[Goal of the exercise]: Repeat the records below verbatim and include no pictures.

(Dataset excerpts)

== Segment start ==

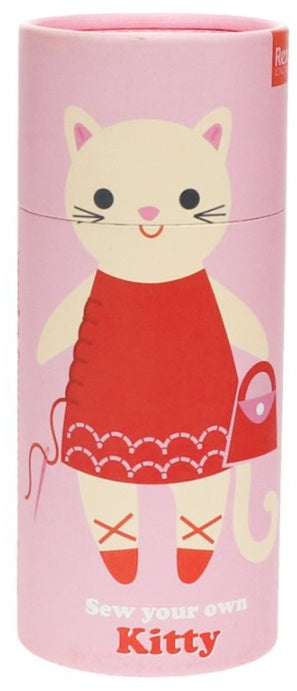 Sew Your Own Kitty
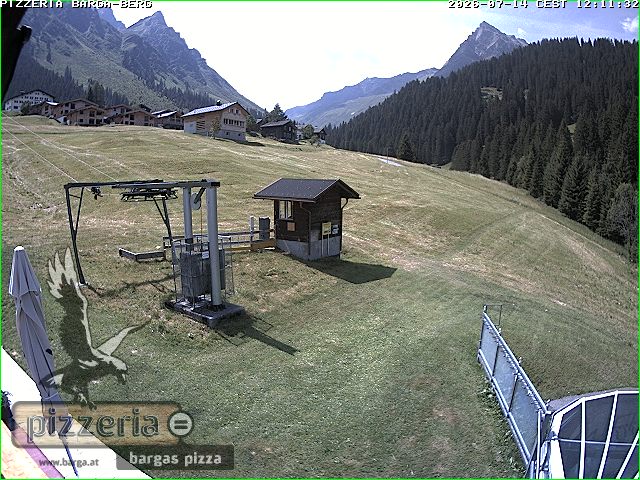 Gargellen | Barga Pizzeria - 1.530 m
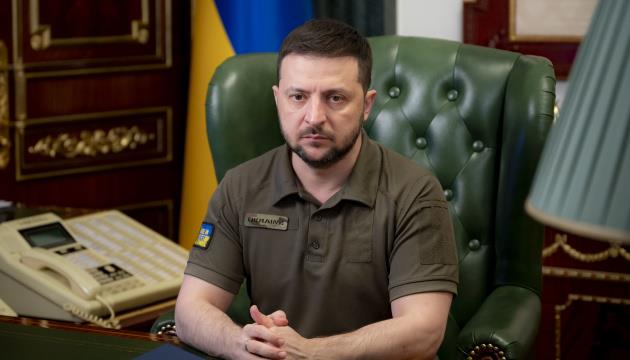 No One In The World Can Feel Safe When Terrorist State Fires At Zaporizhia NPP - Zelensky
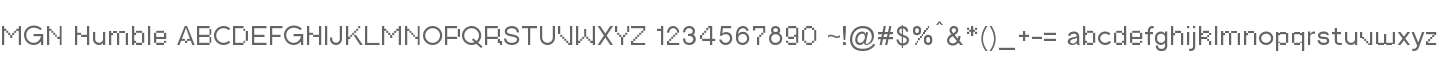 MGN Humble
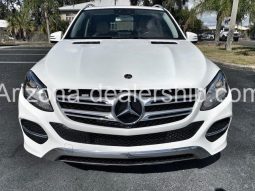2018 Mercedes-Benz GLE 350 full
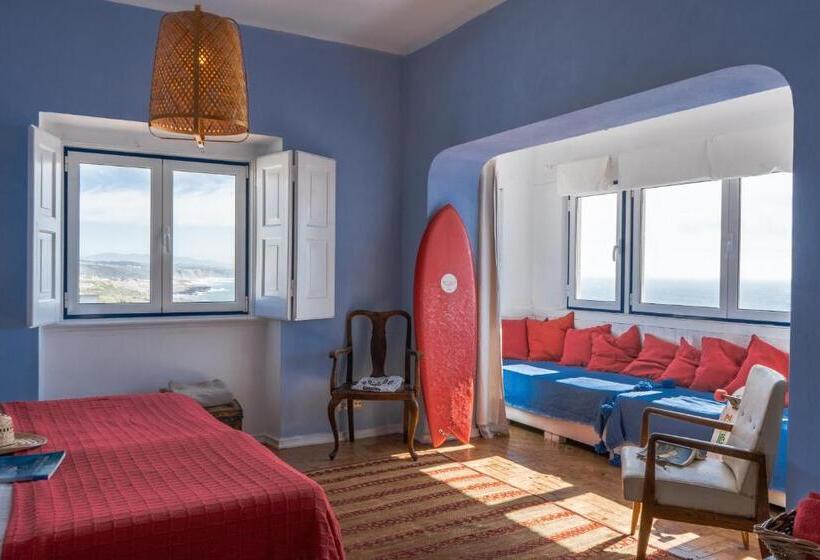 هاستل Chill In Ericeira Surf House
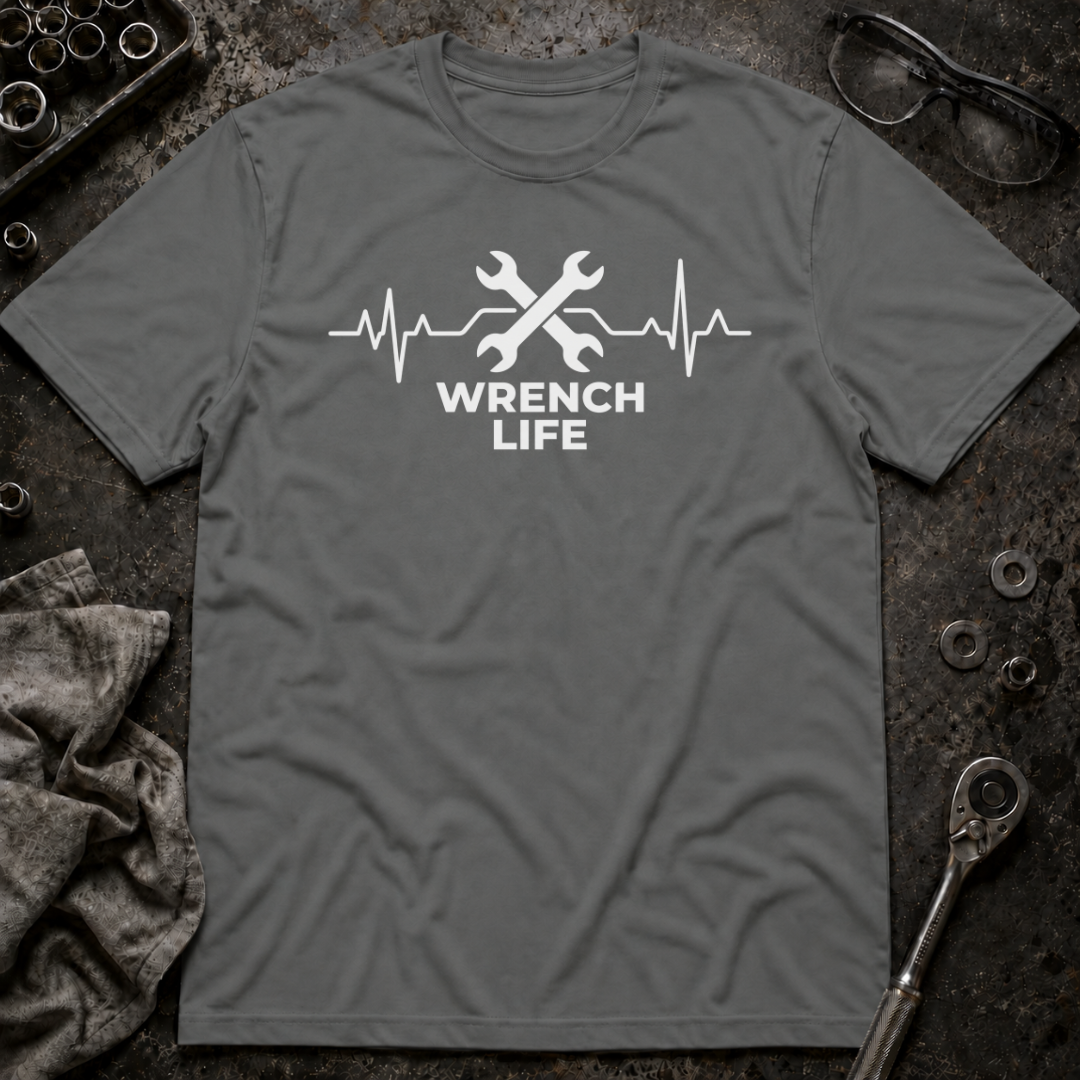 Wrench Life T-Shirt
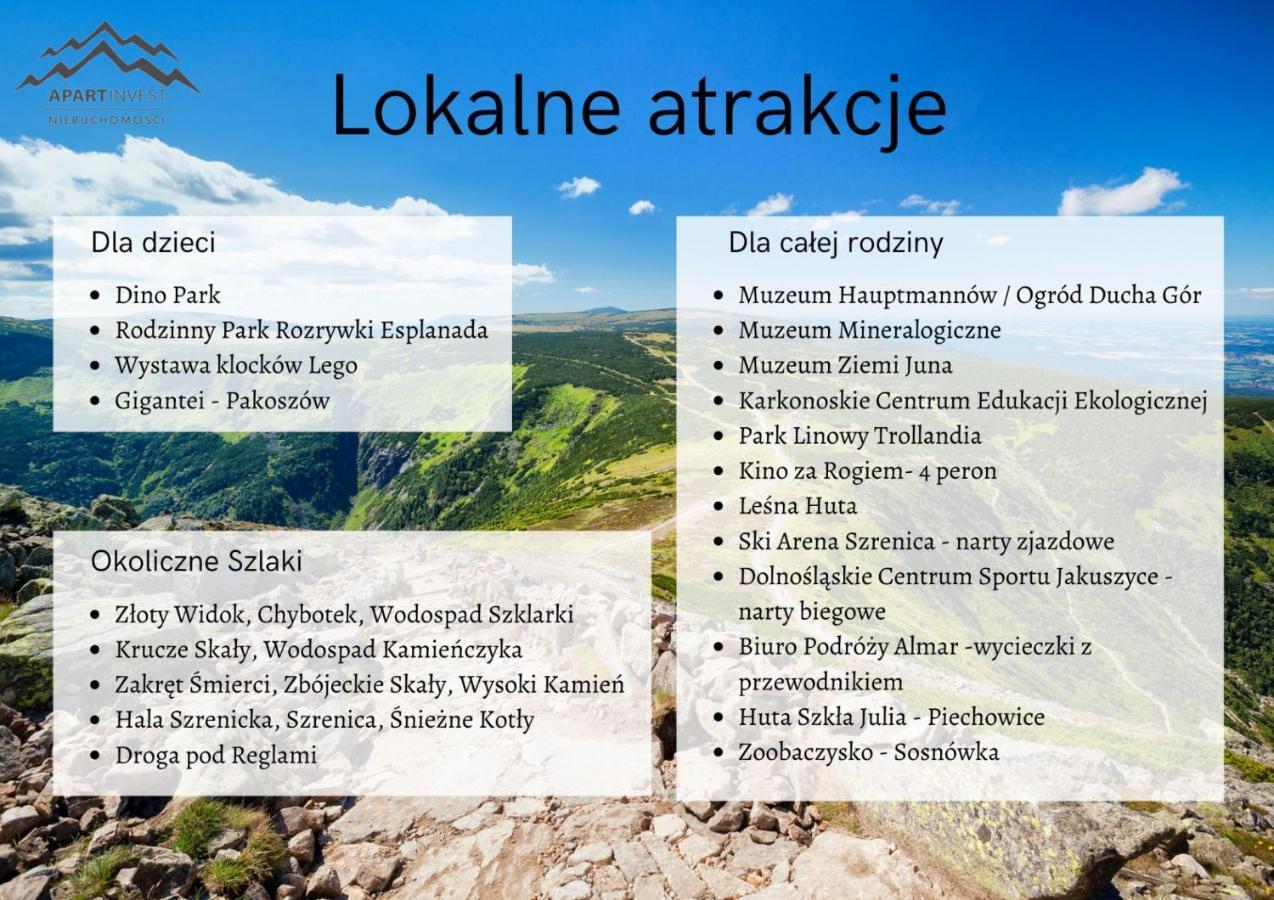 Green Park Resort A25 -Z Dostepem Do Basenu, Sauny, Jacuzzi, Silowni Szklarska Poręba Zewnętrze zdjęcie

== Segment end ==

[Exercise solution]:
 Sew Your Own Kitty
 Gargellen | Barga Pizzeria - 1.530 m
 No One In The World Can Feel Safe When Terrorist State Fires At Zaporizhia NPP - Zelensky
 MGN Humble
2018 Mercedes-Benz GLE 350 full
 هاستل Chill In Ericeira Surf House
 Wrench Life T-Shirt
 Green Park Resort A25 -Z Dostepem Do Basenu, Sauny, Jacuzzi, Silowni Szklarska Poręba Zewnętrze zdjęcie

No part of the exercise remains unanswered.